Stereotypes usually have a functional purpose too. In the US political landscape, politicians make Mexicans appear dangerous, but undignified, and justify subsequent needs for pointless obstacle courses along a 2000+ mile long border between two nations not at war with one another. That narrative just so happens to feed a military industrial complex comprised of two-bit construction contractors, surveillance equipment makers and other providers of “relevant” combat material and intelligence.
Unsurprisingly, this isn’t the first time the US government has crafted a convenient story to justify increased military spending or activity directed at Mexican people. An entire recent Mexican presidency, that of Felipe Calderon, was crafted and manipulated by an American narrative that justified killing vast amounts of people in the name of stopping the flow of illicit drugs. Over 200,000 people are thought to have died over the policing style sponsored by the US in Mexico and the flow of armaments from the US to Mexico.
Many of the contemporary myths that hover over Mexican identity today were first developed by US and British authors in an effort to discredit respectable Mexican heroes in the early part of the 20th century. One of these myths was that Tequila was typically dranked by rebel Mexican troops during the revolutionary war period. Subsequently, this narrative was used to retroactively justify intervention in the acquisition of Mexican oil and the dog whistle was blown hard during Mexico’s formation of PEMEX, with British tabloids showing sleeping Mexicans mismanaging oil fields.

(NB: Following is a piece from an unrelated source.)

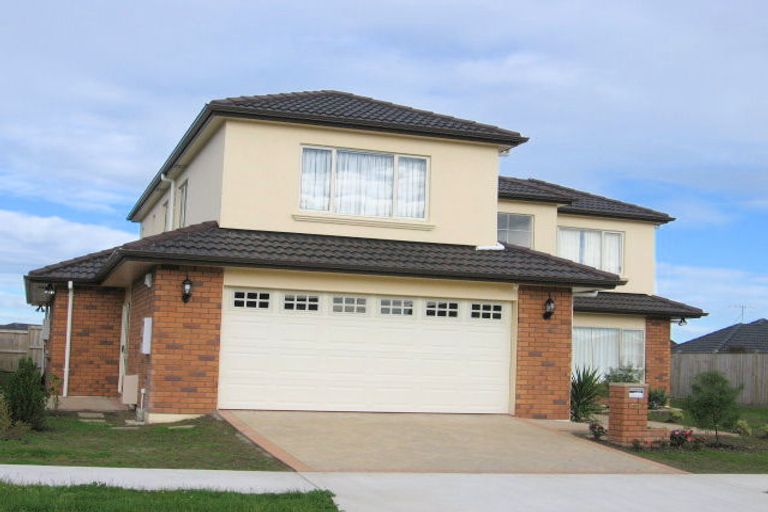 Photo of property in 35 Bronwylian Drive, Flat Bush, Auckland, 2016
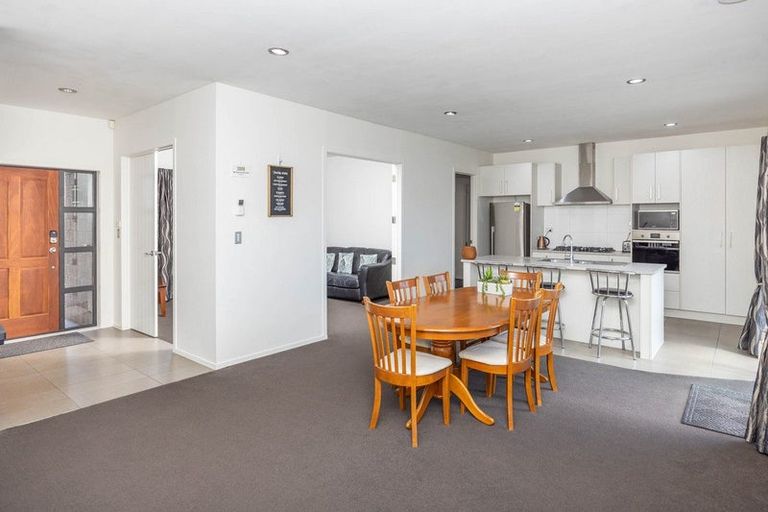 Photo of property in 15 Te Ironui Place, Huntington, Hamilton, 3210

Fantasies of Haranguing And Disciplining Mexican Men Is As American As Apple Pie
In fact, one such revolutionary hero that was discredited in the American press is Pancho Villa. Villa was not a drunken slob as many people mistakenly think of when mentioning the general of the Division del Norte. Villa was a sober and cerebral man who contemplated defeating the unpopular government in Mexico City and also resented the US colonisation of Tejas, New Mexico, Arizona and California, going as far as conducting appropriation of guns and silver from American outposts, which he converted through deals with Wells Fargo. The latter is well documented by the University of California – Berkeley campus.
Never touching alcohol, Villa went from virtual exile in the New Mexico area to creating the heroic Division Del Norte, which struck fear in rich Mexican, American and British oligarch hearts.
Again, the myth of marauding drunk Mexicans who raped and pillaged was fabricated by British authors, who first linked Villa to Tequila, with the US press, like the LA Times, echoing the thought. The above cartoon is anLA Times 1914 depiction of a non-existing drunk “revolutionary” era Mexican. To this day, the image contemporaneously distributed within popular media about Mexicans riffs on these ideas to justify military attention.
US commanders relished the idea of killing Villa themselves. President Woodrow Wilson even assigned an entire battalion to invade a small portion of Mexico just to find him. Instead, Villa essentially retired with some of his wealth in Chihuahua after the war. Unfortunately, he was assassinated by political rivals during peace time in 1923, but effectively defied the US Army even in death since his assassination was likely connected to domestic turmoil, with US support for the assassins no doubt, but indirect at that point and post-revolutionary accomplishments. His legend was cemented and discussed in favourable ways subsequently.
Fortunately, much like Villa’s defiance, the Mexican defiance and resistance to American hegemony in the US Southwest is as true as it was during the revolutionary period. No longer a fragmented minority, Mexicans leverage modern technology to communicate protests, political actions, and while facing systemic discrimination in our access to large amounts of capital, we have some access to wealth via our ingenuity and dominance of specific sectors of the economy. These factors have permitted Mexicans to stand our ground throughout the region regardless of what fringe politicians, like Ron De Santis or Donald Trump, fantasise in their public discourses.